Ko Tautoro te Pito o toku Ao
Ko Tautoro, Te Pito o Tōku Ao is Ngāpuhi elder Hōne Sadler’s powerful account of the origins, history and culture of the Ngāpuhi people. In this work Sadler illustrates the unbroken chain of Ngāpuhi sovereignty by looking in-depth at his own hapū of Ngāti Moerewa, Ngāti Rangi and Ngāi Tawake ki te Waokū of Tautoro and Matarāua. The narrative is told through weaving together karakia and whakapapa, histories and kōrero that have been part of the oral traditions of Ngāpuhi’s whānau, hapū and iwi and handed down through the generations on marae and other gathering places.
The cover design was inspired by Sadler’s whakapapa, the content of the book, and my own interest in Art deco patterns at the time. While exploring carving from Te Taitokerau and the far north I came across the intricately carved papahou (treasure-boxes). As vessels used to hold taonga (prized possessions), I decided to use the papahou patterns to protect the taonga held within Sadler’s book, this being the whakapapa of Nga Puhi nui tonu. The final pattern created is based on the tara or female genitalia. This is because in Māori carving the tara is seen as a powerful protective element.

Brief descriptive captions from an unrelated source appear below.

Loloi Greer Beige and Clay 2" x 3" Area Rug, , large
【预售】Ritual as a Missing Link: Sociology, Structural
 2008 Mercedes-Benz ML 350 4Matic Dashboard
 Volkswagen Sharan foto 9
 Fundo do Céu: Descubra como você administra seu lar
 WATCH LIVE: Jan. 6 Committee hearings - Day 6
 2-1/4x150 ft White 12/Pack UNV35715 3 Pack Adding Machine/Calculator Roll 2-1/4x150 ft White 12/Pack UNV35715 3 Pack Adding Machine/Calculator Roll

The colours (red, blue and cream) for the design along with the geometric design elements on the cover were all borrowed from the United Tribes of New Zealand flag. This was because He Whakaputanga, New Zealand’s declaration of Independence 1835, features prominently in Sadler’s discussion around Ngā Puhi and the fact that we never ceded sovereignty to the Crown.